» **Aim of the exercise**:
Every line of the material that mentions the word "background" should be copied out.

◇ ◇ ◇ ◇ ◇

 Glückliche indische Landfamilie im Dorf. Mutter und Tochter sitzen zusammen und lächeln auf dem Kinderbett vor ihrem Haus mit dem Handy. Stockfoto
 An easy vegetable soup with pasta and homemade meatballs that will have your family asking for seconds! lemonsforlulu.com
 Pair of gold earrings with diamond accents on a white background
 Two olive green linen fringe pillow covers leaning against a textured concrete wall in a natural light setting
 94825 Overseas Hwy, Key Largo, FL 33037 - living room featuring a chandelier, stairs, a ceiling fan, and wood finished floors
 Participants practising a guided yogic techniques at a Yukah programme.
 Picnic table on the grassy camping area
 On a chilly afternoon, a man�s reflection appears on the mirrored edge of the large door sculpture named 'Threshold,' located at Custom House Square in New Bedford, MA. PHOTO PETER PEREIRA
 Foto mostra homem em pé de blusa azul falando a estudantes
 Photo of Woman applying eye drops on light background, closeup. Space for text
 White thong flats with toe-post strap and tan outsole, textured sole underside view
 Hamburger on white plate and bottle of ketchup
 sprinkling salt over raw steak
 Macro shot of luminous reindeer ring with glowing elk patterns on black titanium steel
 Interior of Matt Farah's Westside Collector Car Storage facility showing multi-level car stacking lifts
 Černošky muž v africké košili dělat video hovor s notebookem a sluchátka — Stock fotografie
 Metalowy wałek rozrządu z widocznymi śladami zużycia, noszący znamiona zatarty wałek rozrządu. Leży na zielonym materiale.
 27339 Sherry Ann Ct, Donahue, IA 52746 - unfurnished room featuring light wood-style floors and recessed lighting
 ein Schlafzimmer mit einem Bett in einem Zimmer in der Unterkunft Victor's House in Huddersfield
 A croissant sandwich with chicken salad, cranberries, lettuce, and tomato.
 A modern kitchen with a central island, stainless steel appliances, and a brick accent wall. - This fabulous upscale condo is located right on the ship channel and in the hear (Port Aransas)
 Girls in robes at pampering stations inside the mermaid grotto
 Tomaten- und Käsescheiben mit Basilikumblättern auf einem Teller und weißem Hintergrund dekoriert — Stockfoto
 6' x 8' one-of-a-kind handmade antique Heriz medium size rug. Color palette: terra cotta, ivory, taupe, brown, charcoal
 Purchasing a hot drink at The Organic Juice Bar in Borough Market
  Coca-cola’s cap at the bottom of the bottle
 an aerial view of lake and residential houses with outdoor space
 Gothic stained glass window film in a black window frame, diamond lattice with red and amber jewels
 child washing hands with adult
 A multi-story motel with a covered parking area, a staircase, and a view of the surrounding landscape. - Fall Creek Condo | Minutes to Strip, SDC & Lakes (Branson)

◇ ◇ ◇ ◇ ◇

» **Solution to this task**:
 Pair of gold earrings with diamond accents on a white background
 Photo of Woman applying eye drops on light background, closeup. Space for text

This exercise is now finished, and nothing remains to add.